* TASK DESCRIPTION: Reproduce word for word the lines between the one containing "Krishna's Cupboard Black" and the end of the entries below, both inclusive; leave out pictures.

---+---

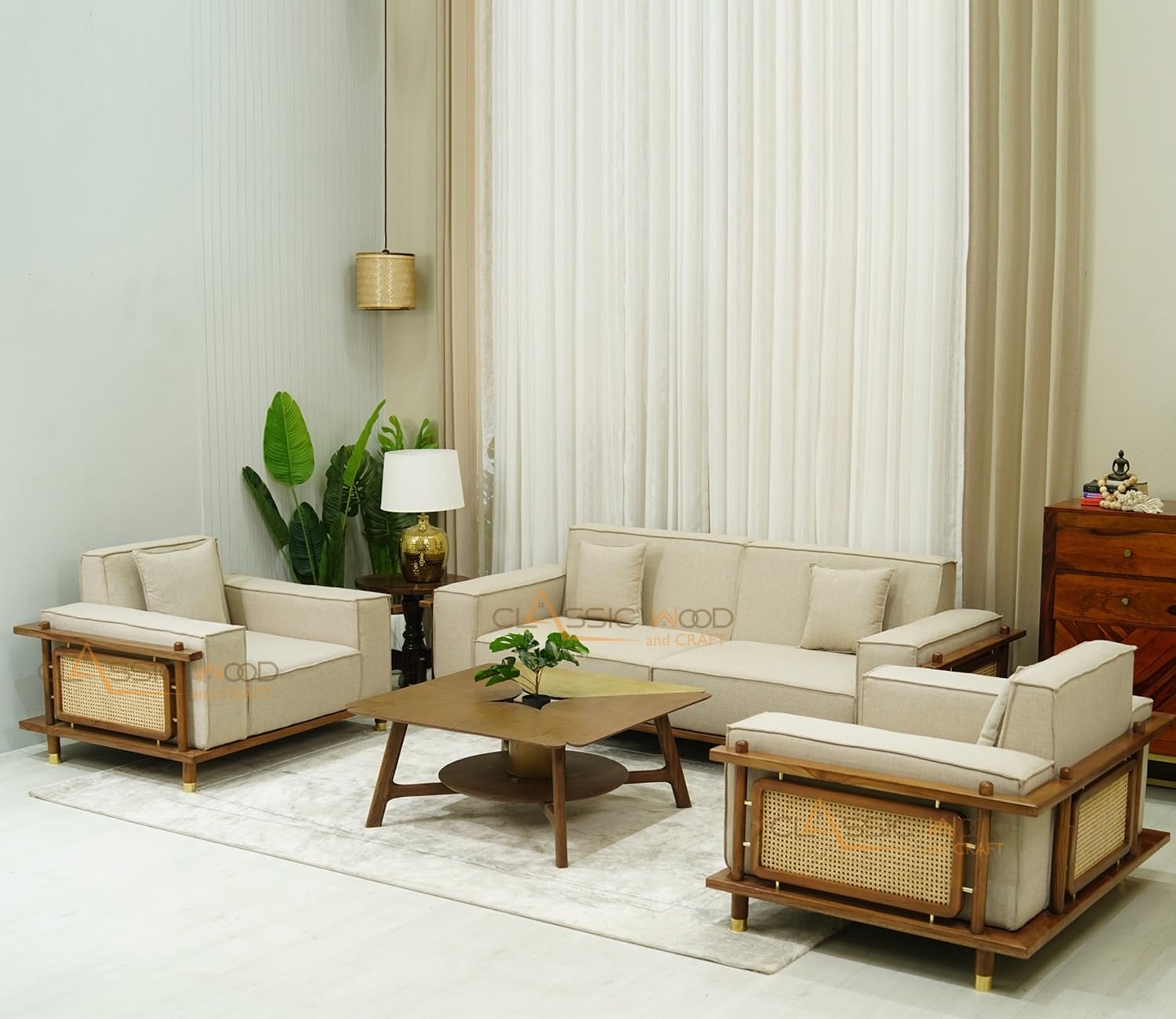 cane work sofa set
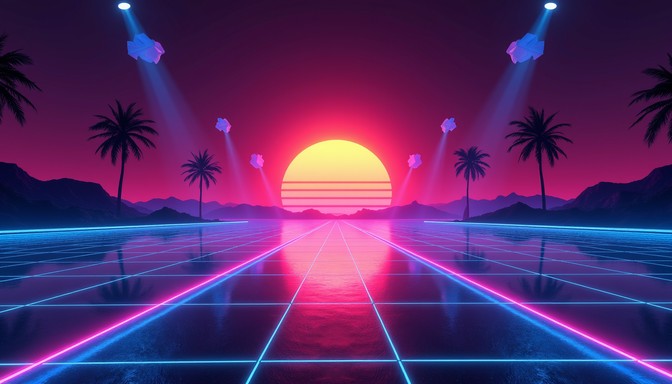 Free Retrowave Neon Sunset Image | Download at StockCake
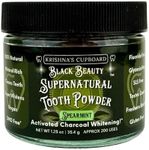 Krishna's Cupboard Black Beauty Supernatural Organic Tooth Cleaning Powder, All Natural, Remineralizing Activated Charcoal Teeth Whitening, Fluoride Free Vegan Powdered Toothpaste, Spearmint 1.25 oz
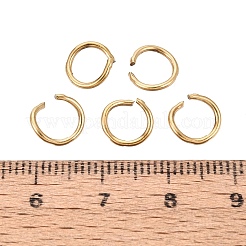 304ステンレススチールオープン丸カン  イオンプレーティング（ip）  長持ちメッキ  ラウンド  18KGP本金メッキ  8x1mm  内径：6mm  18ゲージ  約94個/袋&nbsp;STAS-Q113-8x1.0mm-02G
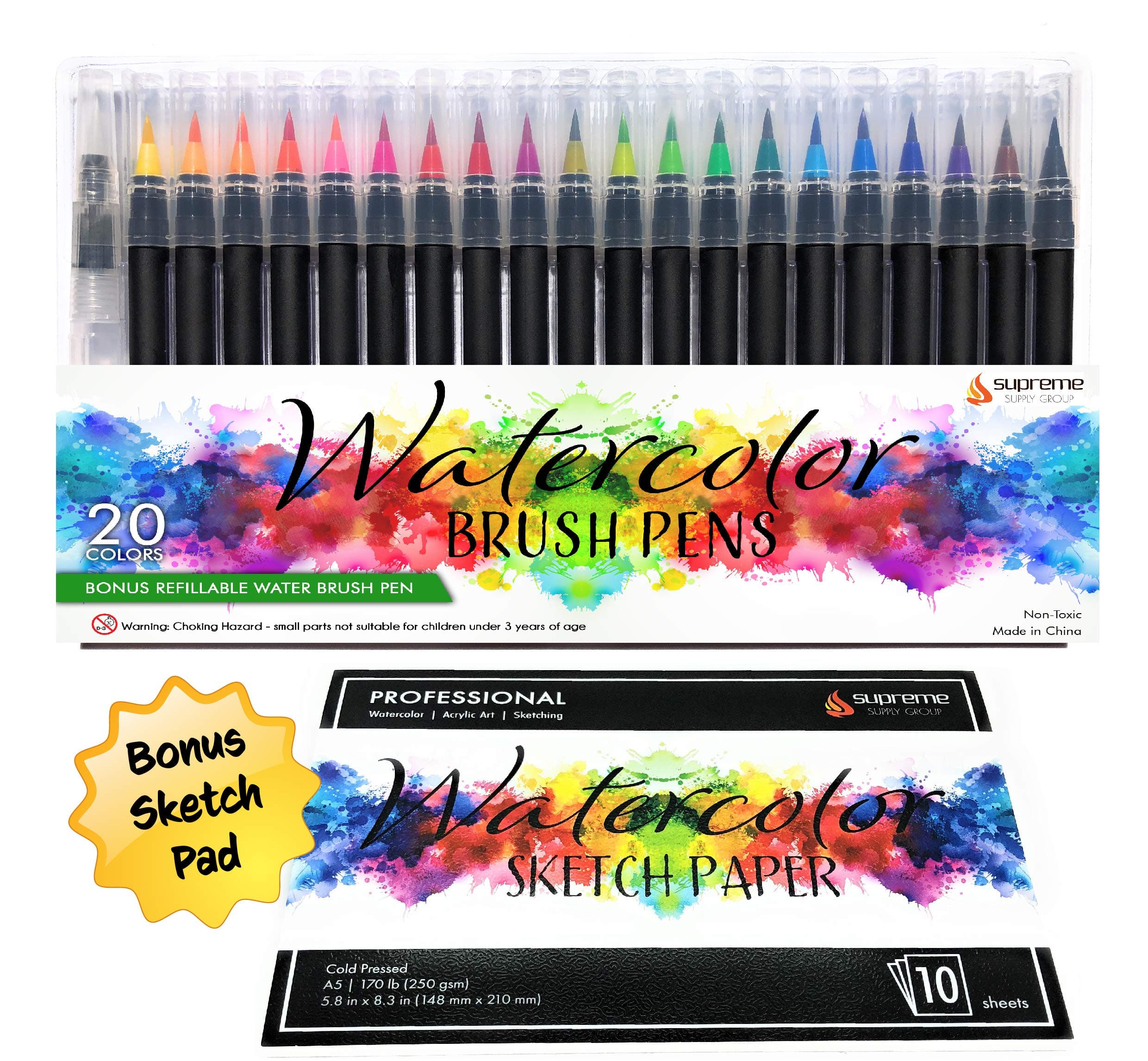 Watercolor Brush Pens Set, 20 Color Markers + BONUS Sketch Pad & Refillable Water Pen, Soft Tip for Art, Drawing, Coloring Page, Calligraphy, Sketching and Paint Effects, Non-Toxic, Water Based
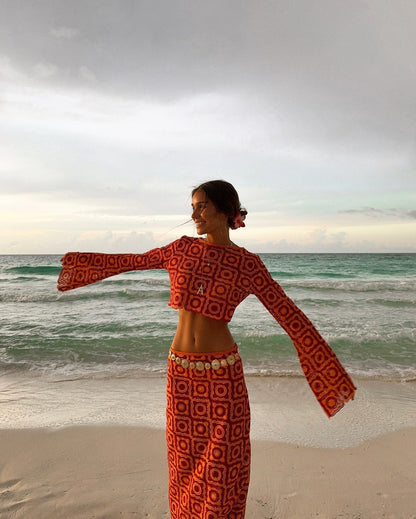 Elorine – Long Sleeve Wrap Set with Maxi Skirt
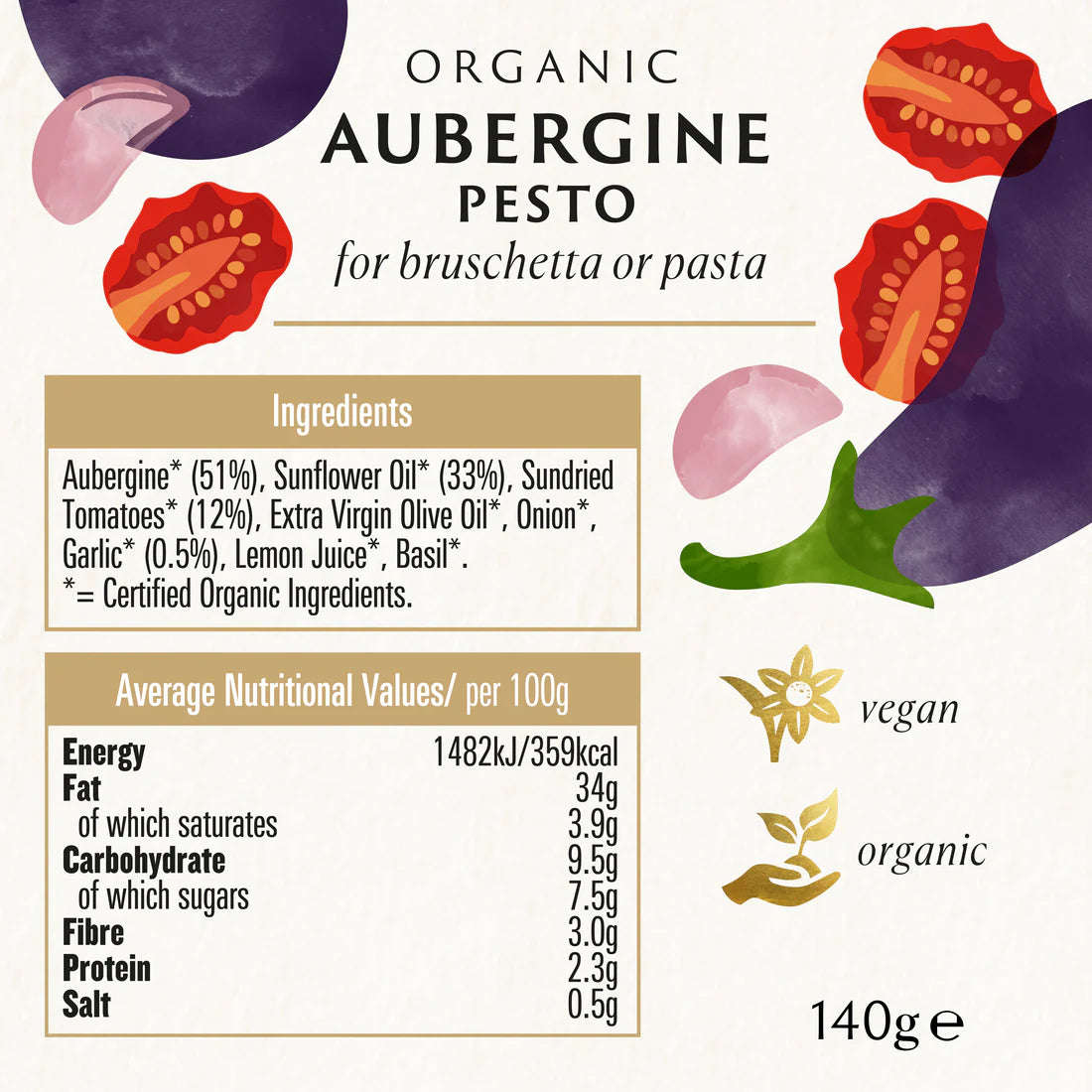 Aubergine Pesto (Org) 50447A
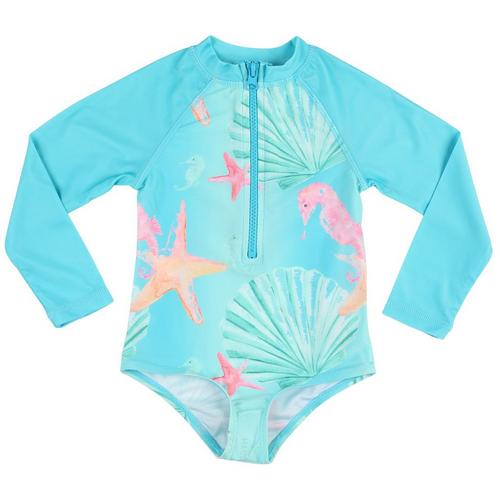 Dot & Zazz Baby Girls Seahorse Rashguard Swimsuit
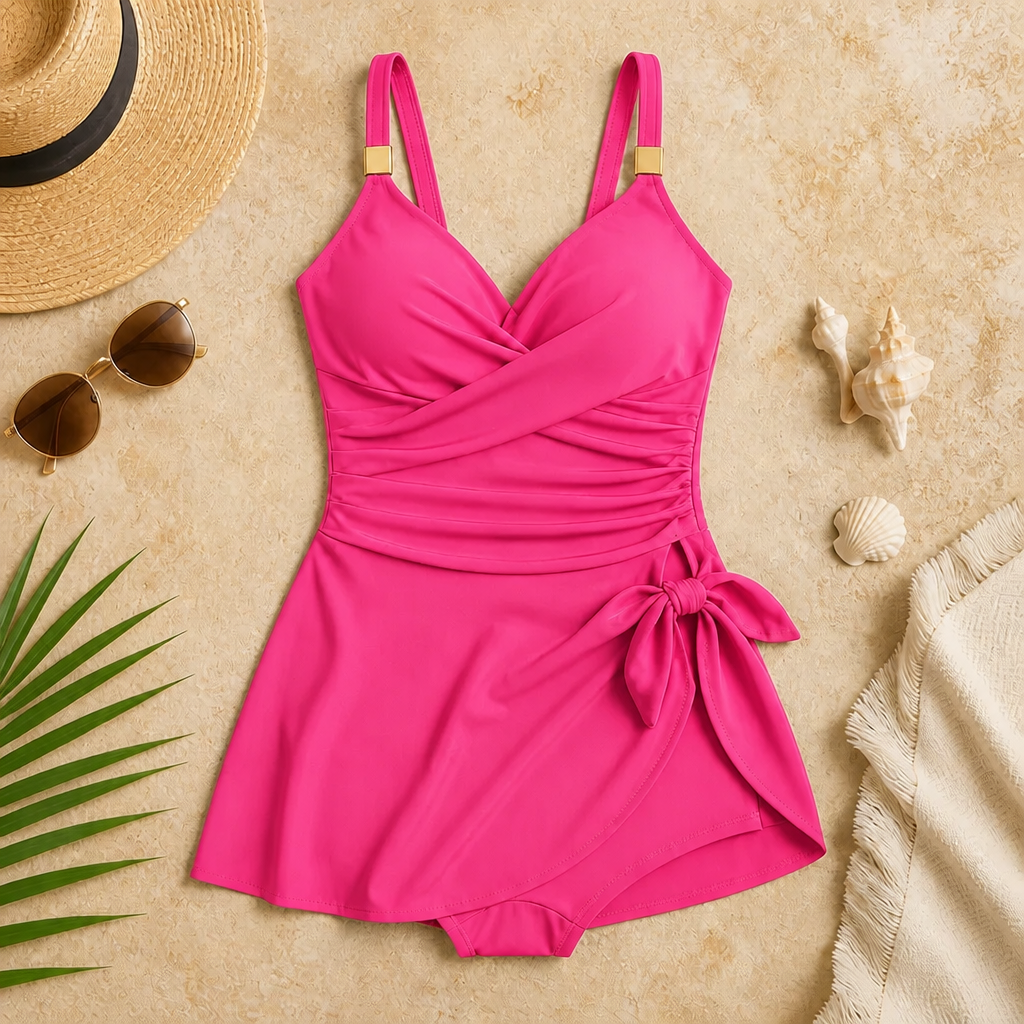 AquaLume™ – Tummy-Control Ruched Swim Dress with Wrap V-Neck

---+---

* WRITTEN RESPONSE:
 Krishna's Cupboard Black Beauty Supernatural Organic Tooth Cleaning Powder, All Natural, Remineralizing Activated Charcoal Teeth Whitening, Fluoride Free Vegan Powdered Toothpaste, Spearmint 1.25 oz
 304ステンレススチールオープン丸カン  イオンプレーティング（ip）  長持ちメッキ  ラウンド  18KGP本金メッキ  8x1mm  内径：6mm  18ゲージ  約94個/袋&nbsp;STAS-Q113-8x1.0mm-02G
 Watercolor Brush Pens Set, 20 Color Markers + BONUS Sketch Pad & Refillable Water Pen, Soft Tip for Art, Drawing, Coloring Page, Calligraphy, Sketching and Paint Effects, Non-Toxic, Water Based
 Elorine – Long Sleeve Wrap Set with Maxi Skirt
 Aubergine Pesto (Org) 50447A
 Dot & Zazz Baby Girls Seahorse Rashguard Swimsuit
 AquaLume™ – Tummy-Control Ruched Swim Dress with Wrap V-Neck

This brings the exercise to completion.